Task statement
Please give back each line of the material unchanged, but without the images.

Data section
------------------------------------

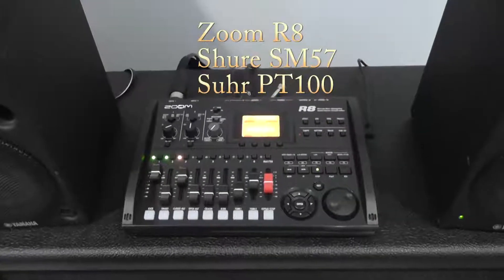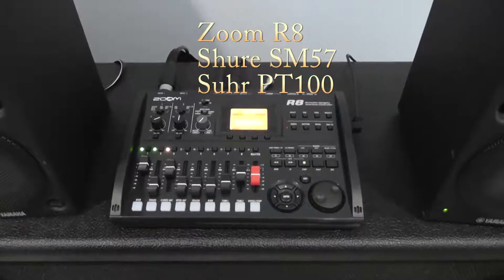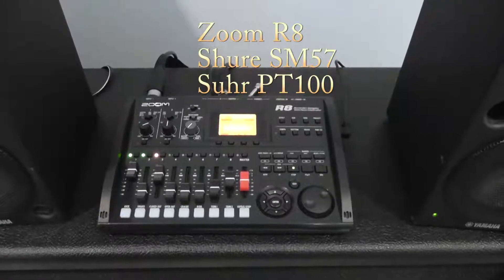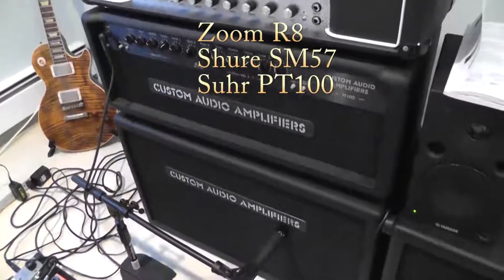Hey guys, so I picked up this Zoom R8 yesterday because I just wanted to start recording and I didn't want to deal with my PC, my 11 rack, Pro Tools, or any of that stuff. It's really straightforward. I have an SM57 mic'd up to the PT100.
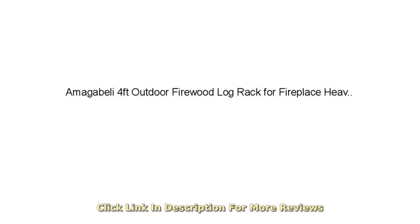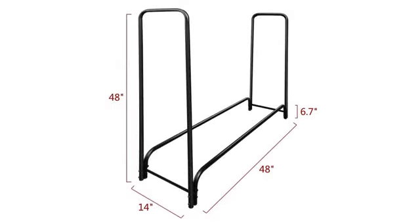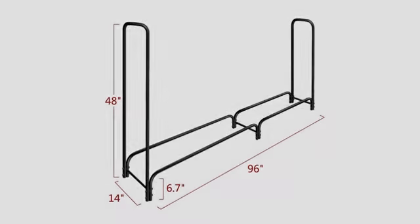Love this rack. Great quality and works exactly as described. I bought this for my grandparents and it is so easy for them to use. The wood is stacked on it next to the fireplace and it can last up to 2 weeks of fires. I will definitely be purchasing one for myself now as well.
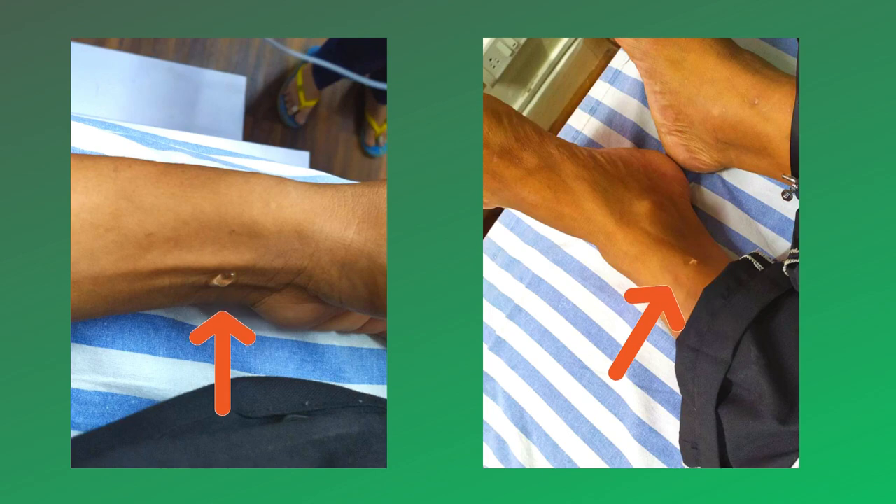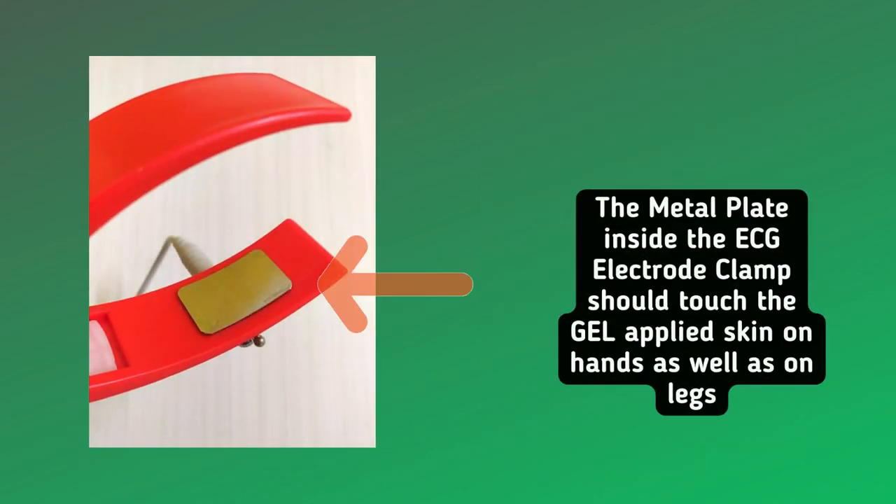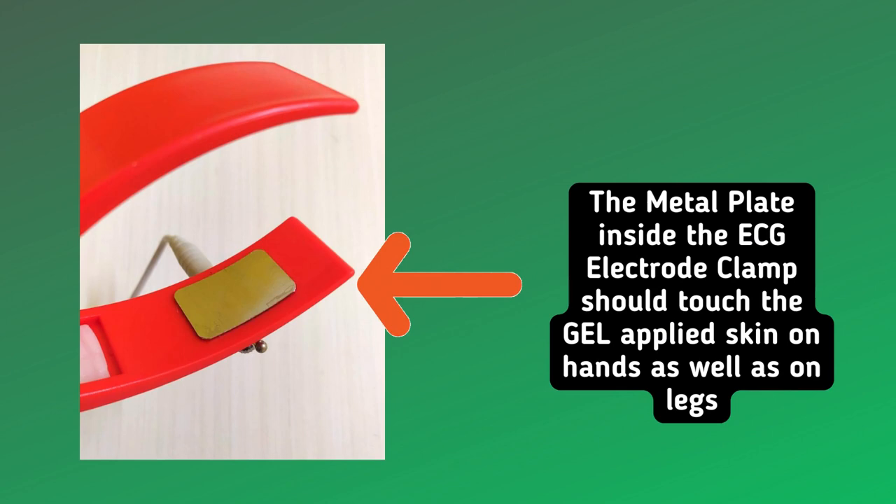The metal plate inside the ECG electrode clamp should touch the gel-applied skin on both hands as well as on legs.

------------------------------------

Answer box
Hey guys, so I picked up this Zoom R8 yesterday because I just wanted to start recording and I didn't want to deal with my PC, my 11 rack, Pro Tools, or any of that stuff. It's really straightforward. I have an SM57 mic'd up to the PT100.
Love this rack. Great quality and works exactly as described. I bought this for my grandparents and it is so easy for them to use. The wood is stacked on it next to the fireplace and it can last up to 2 weeks of fires. I will definitely be purchasing one for myself now as well.
The metal plate inside the ECG electrode clamp should touch the gel-applied skin on both hands as well as on legs.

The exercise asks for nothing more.